Com esse movimento, o papel dos experimentos mentais mostra-se próximo ao que segue dos resultados anômalos de quaisquer outros experimentos. Estes, no entanto, mesmo para serem considerados como tais, são constatações fiáveis de algum aspecto do mundo. Além disso, fornecem uma informação nova e inesperada. O que nos leva de volta às duas linhas de questionamento, agora numa nova formulação. Ao identificar essa nova formulação ao quadro geral da imagem kuhniana da ciência, esta seção já terá alcançado seu objeto. Trato, por isso, com brevidade seu desfecho.

Uma anomalia é isto: a consciência de que, de algum modo, a natureza violou as expectativas. Que expectativas?
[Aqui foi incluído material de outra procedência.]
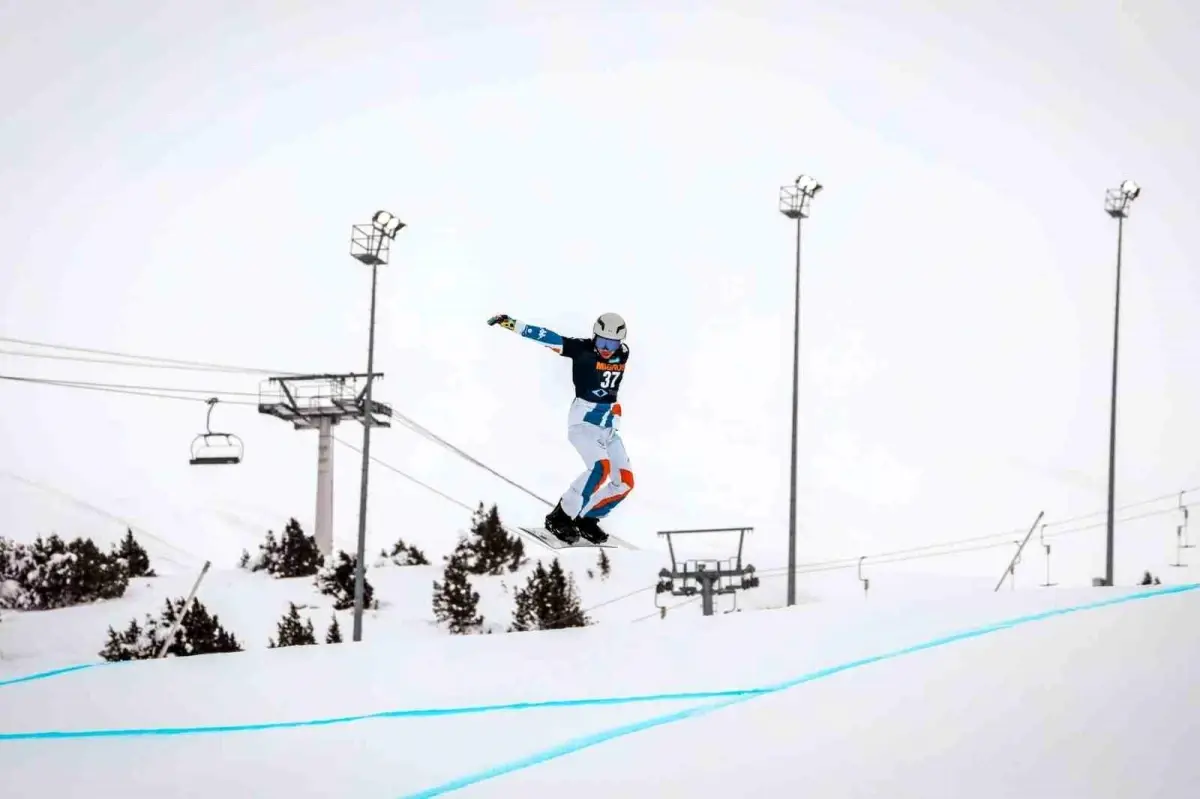 Snowboard FIS European Cup Erzincan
As proporcionadas pelos próprios conceitos, ou mais precisamente, pelo composto de leis, teorias, técnicas instrumentais, bem como um repertório de suas aplicações concretas. Tal composto é o que governa os usos efetivos dos conceitos, em suas aplicações conhecidas e na extensão a outras nas quais supostamente eles poderiam ser empregados. Caso tais anomalias passem a ser reconhecidas como tais, a comunidade científica estará às voltas com um conteúdo empírico de algum tipo que não pode ser assimilado pela prática usual. Os experimentos mentais são formulações claras dessa inadequação. Nas palavras de Kuhn:

Ao transformar a anomalia sentida em uma contradição concreta, o experimento mental informou aos nossos sujeitos o que estava errado. Essa primeira visão clara do desajuste entre a experiência e as expectativas implícitas proporcionou os indícios necessários para pôr em ordem a situação. [Kuhn 1964/1977, p.264]

Donde a caracterização mais notória herdada de Kuhn para os experimentos mentais: ferramentas analíticas essenciais a serem empregadas em momentos de crise e que promovem a reformulação conceitual.